The 2012 Presidential election is now.  In fact, President Obama has never stopped engaging social media.  Every week since the election, I’ve received an email communiqué on my Blackberry about something.  At any given time, I can turn it on and there might be message from the President, Vice President, or even Mrs. Obama.

 If President Obama decides to run in 2012, he’s definitely going to have to extend his cyber activism efforts well beyond the 15 intentional sites he participated in during the 2008 campaign.  He’s also going to have tap into every niche community that didn’t engage social media in 2008 because its highly probable those people will be connected to something in 2012.

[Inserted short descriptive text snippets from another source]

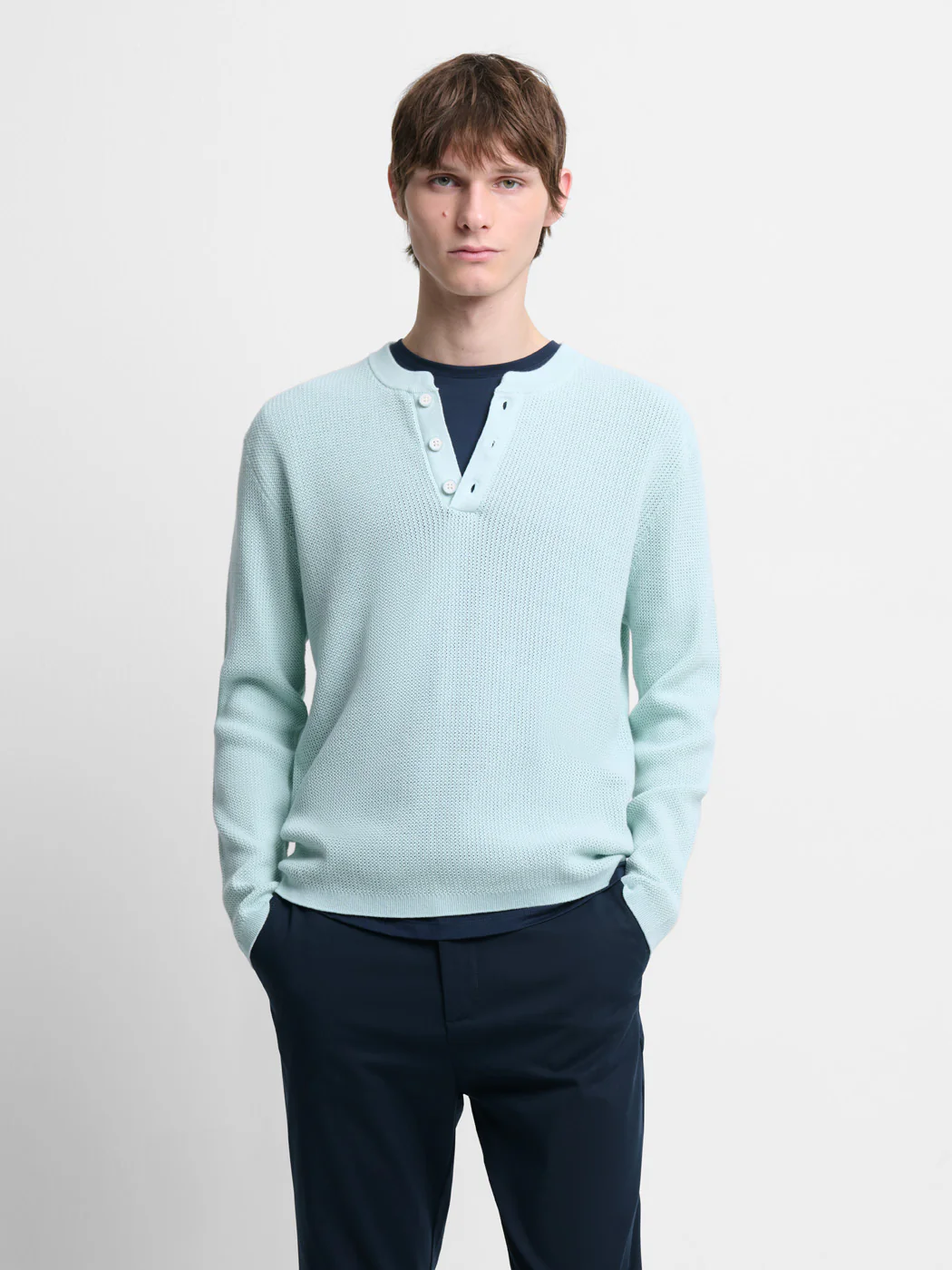 Pull col tunisien en coton bio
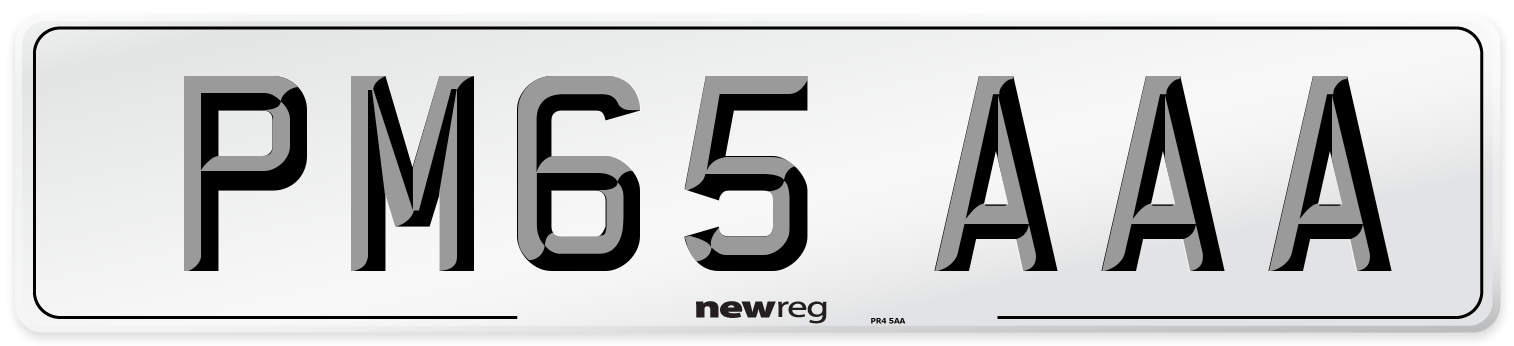 PM65 AAA Number Plate from New Reg
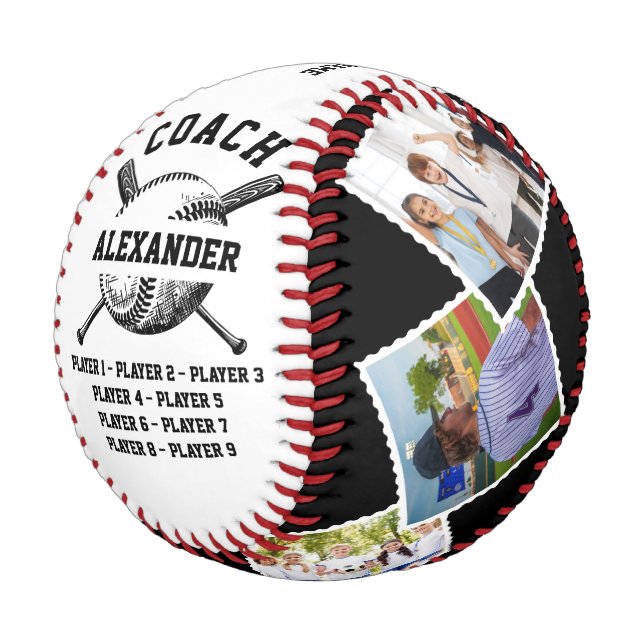 Personalised Coach With 6 photo & Player's Names Baseball (Angled)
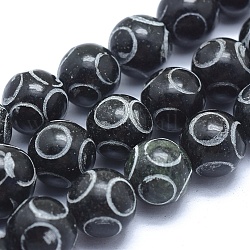 Natur Xiuyan Jade Perle Stränge, Runde, 9~10 mm, Bohrung: 1~1.2 mm, ca. 41~46 Stk. / Strang, 15.5 Zoll (39.5 cm)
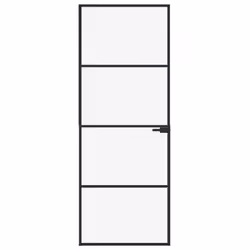 vidaXL Interior Door Inner Internal Door Panel Tempered Glass and Aluminium - black, 76 x 201.5 cm/3 horizontal bars - Additional view 2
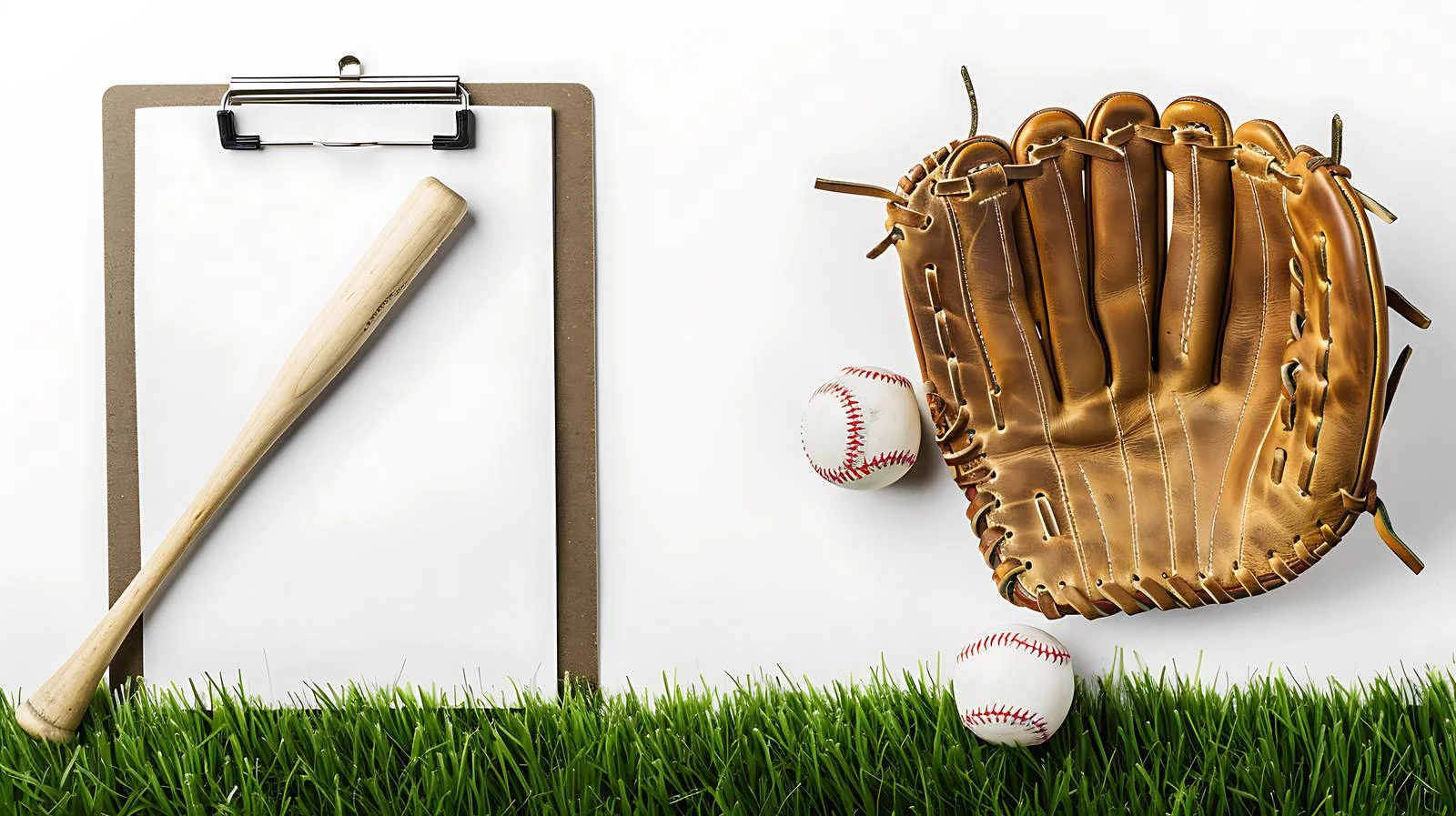 Baseball gear and clipboard on grass field — free download from Dotvec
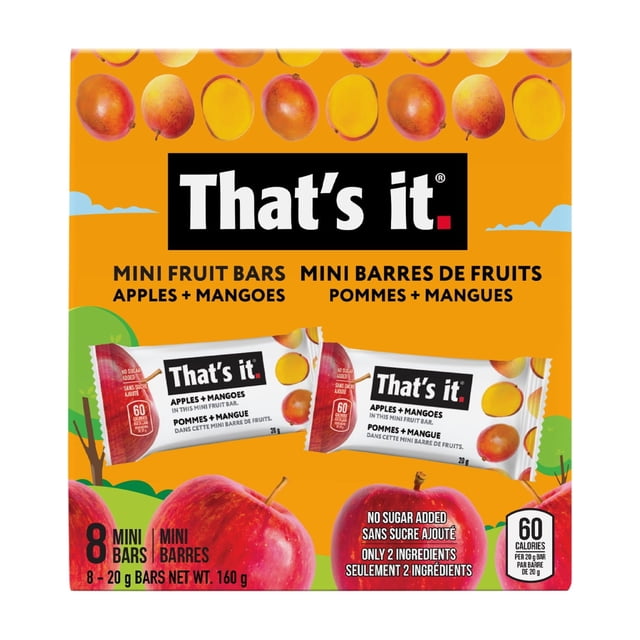 That's it Mini Mango Fruit Bar 8ct 20g box with 8 individually wrapped mini fruit bars made from apples and mangoes, containing no added sugar, gluten-free and vegan, suitable as a healthy snack for school, work, or travel.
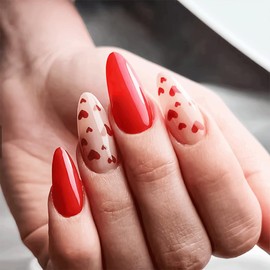 Valentine's Day Press on Nails Almond Length French Fake Nails Red False Nails with Love Heart Design Full Cover Artificial Acrylic Nails Set Women Glue on Nails Stick on Nails for Nail Art 24 Pcs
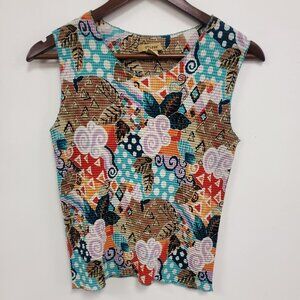 Plisse Womens Y2K Abstract Crinkle Top Size S 90S Eclectic Unique Art To Wear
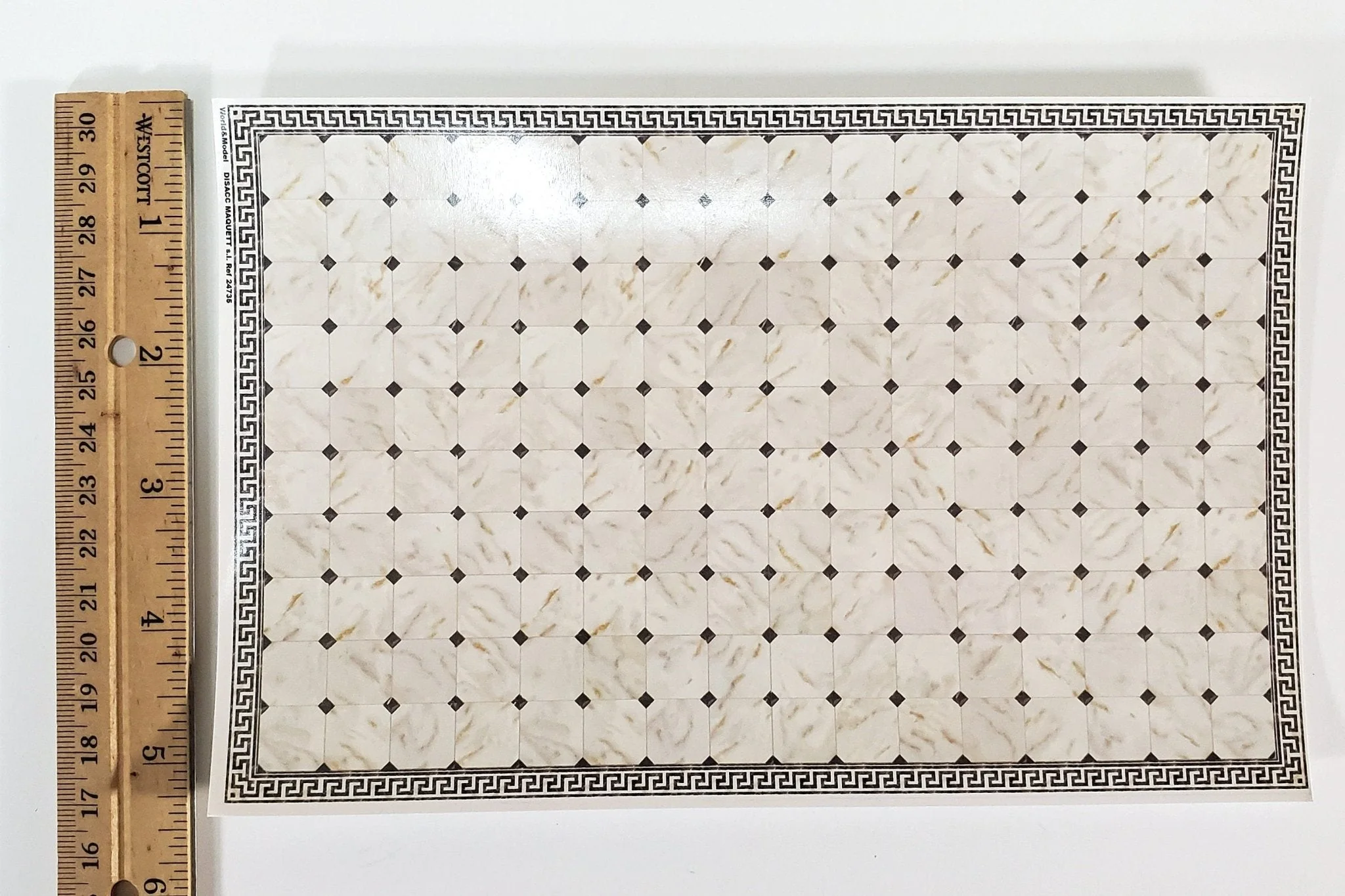 Dollhouse HALF SCALE Marble Tile Sheet Greek Border Black & White Floor 1:24 World Model - Image 4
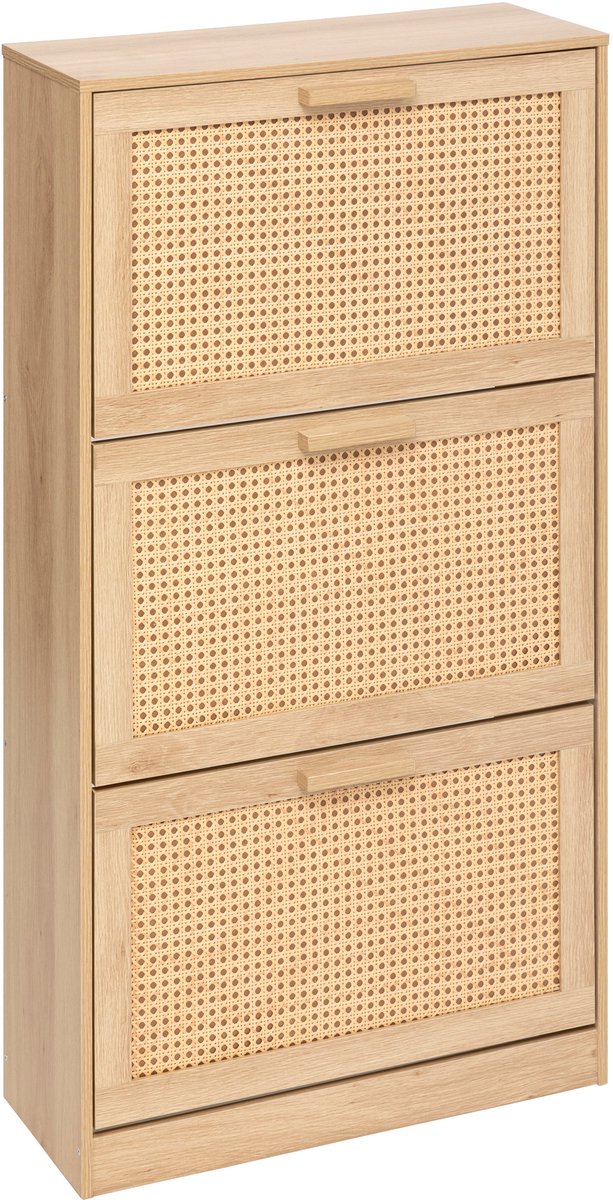 4goodz Schoenenkast Ubud - 24x60x113 cm - 3 lades voor 12 paar - Bruin (8720572209282)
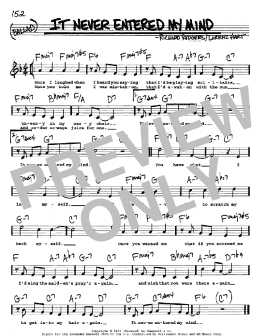 page one of It Never Entered My Mind (Real Book – Melody, Lyrics & Chords)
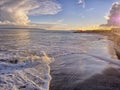 High tide at Salthill, Galway city, Galway, Ireland, beach and moody sky. Atlantic ocean, Galway bay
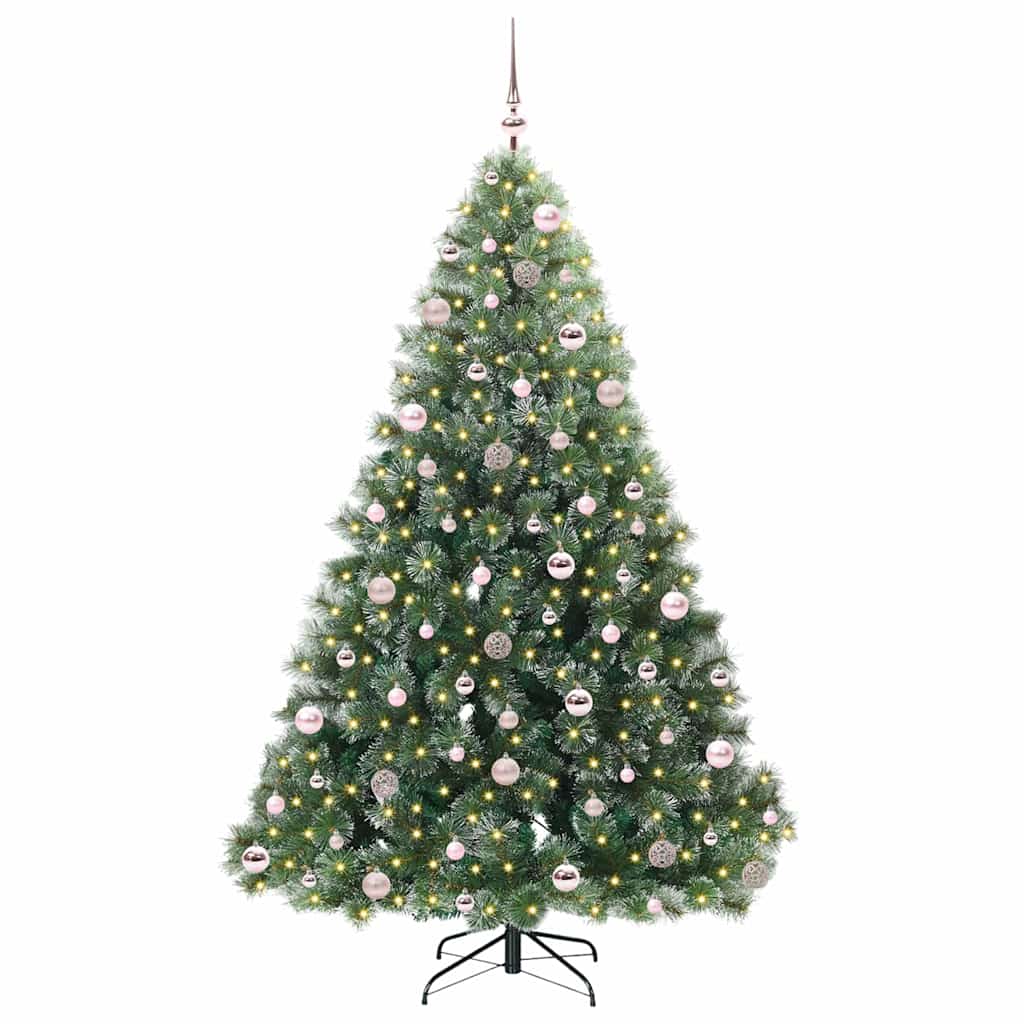 vidaXL Artificial Christmas Tree with 300 LEDs Green 210 cm PE and PVC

It’s also evident to me that as I write this post that more rural and urban decentralized communities now linked to the Internet— again just one year after the 2008 campaign.  Companies like My Cricket.com have made a concerted effort to bridge the digital divide and bring broadband access to more niche communities. Neighborhoods like Columbia Heights that are heavily populated with immigrants from all over the world now have a MyCricket.com satellite stores on every corner.  While most people in that corridor of the city don’t speak English, I am willing to bet most of them have cell phones and some are now new Internet users.  It’s those people and communities around the country that the campaigns are going to have to go after.  Additionally, all of the candidates are going to have engage social media worldwide.  While other countries don’t vote on US soil, they have a voice in cyberspace and Americans listen.

Long of short, whoever runs for the presidency in 2012 is going to have to employ all of the online media campaign strategies of 2008.  Since no one knows what new social communities will exist two years from now, all of the candidates whether Republican (especially the Republicans) and the Democrats are going to have to be on the forefront of the latest technologies as soon as they drop. David Alexrod, let’s do it again!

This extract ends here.